When Elon Musk bought Twitter for $44 billion in October 2022, he promised to stick up a middle finger to propriety. He ran roughshod over the platform, pulling hosting servers while they were still operational and ultimately firing about 80% of the company’s staff. Twitter’s eventual rebrand as X was then positioned by both Musk and his CEO, Linda Yaccarino, as a move toward a radically different app—one that goes beyond social media to also offer messaging, banking, shopping, and much more.
But 16 months later, a number of the changes Musk initially enacted have been unwound or reversed, as reality has hit the billionaire’s “idealistic” vision.
Some of those changes are small: In mid-2023, Musk dithered over making dark mode the default and sole color palette on X, before deciding to ditch the plan entirely. He’s also restored headlines to links posted on the platform, an about-face from a few months prior, when he claimed scrubbing that information would improve the app’s aesthetics.
Other changes have been more significant.

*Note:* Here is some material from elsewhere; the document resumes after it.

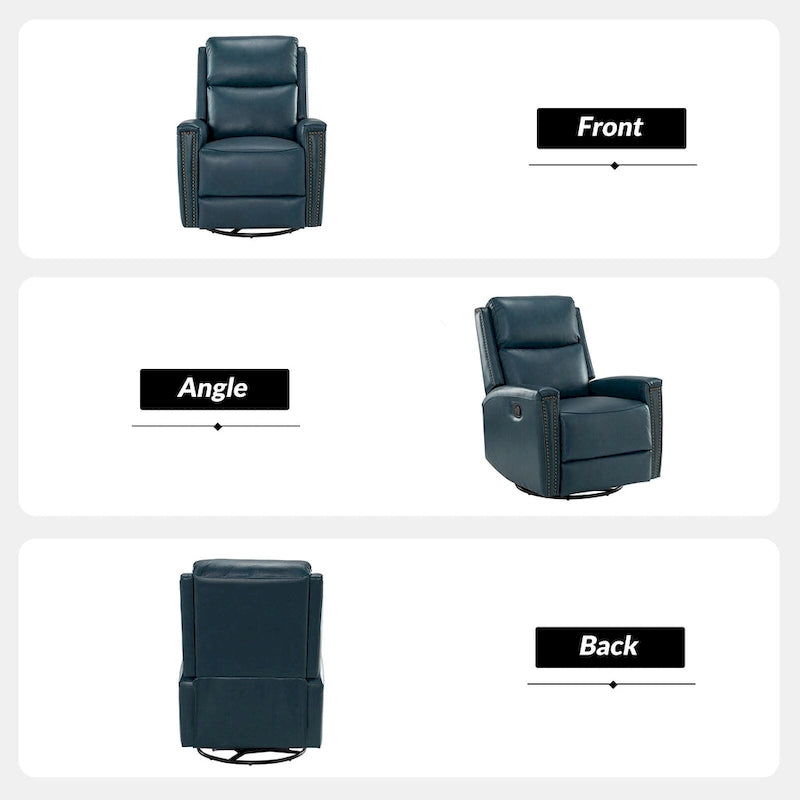 Fiacro 30.31Wide Modern Genuine Leather Wingback Swivel Rocker Recliner with Nailhead Trims, Set of 2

In late January, ahead of an appearance by Yaccarino in front of the U.S. Senate, the company announced it would be hiring 100 content moderators to staff a new “Trust and Safety center of excellence” based in Austin, Texas. The 100 staff are a small fraction of the number fired in the immediate aftermath of Musk’s takeover of Twitter—when entire content moderation teams were gutted within days. But it’s a start, and an acknowledgment that X is, inch by inch, becoming more like old-school Twitter than Musk first envisaged.
X did not immediately respond to a request for comment, but former staffers are unsurprised by the rollback of some of Musk’s initial changes. “There does appear to be a way to run a service, and even in pure spite, Elon can’t escape that,” says one former Twitter content moderation staffer, who spoke on the condition of anonymity.
The former moderation staffer pointed out that it’s partly market pressure at work and partly the threat of government regulation—it’s notable that the Austin moderation hub was announced just before Yaccarino appeared in front of elected officials—but that it also highlights the gulf between how Musk wants to run things, and what he’s actually able to accomplish. “His idea of innovation is so skewed from how practically things work,” says the former staffer. “It’s an amazing case study for trust and safety, and wider online guidance.”
The Musk experiment of getting rid of most of its content moderation workforce was a radical experiment, and one that ultimately highlighted the importance of a trust and safety division. “With Twitter, Elon gutted all that and showed everyone what happens,” the former staffer says. “It’s pure evidence of what it takes to make a service usable and safe.”
Whether Musk will be able to staff up that Austin center is another challenge, says a second former employee fired by Musk who also asked for anonymity. “Anyone worth their salt in trust and safety would never, ever work with him, especially after what he did to Yoel [Roth],” they say. Roth, Twitter’s former head of trust and safety, stepped down from the role in 2022; shortly thereafter Musk falsely claimed that Roth had once argued “in favor of children being able to access adult internet services in his PhD thesis.” That incident alone may make it harder to wind the clock back on content moderation.
“If you think about it, people who work in trust and safety and moderation are considered and thoughtful, and like to spend a lot of time—potentially, too long—thinking about the nuances of a term or an issue,” says the former employee. “Nobody who is that considered is going to work for Musk. It would be career suicide.”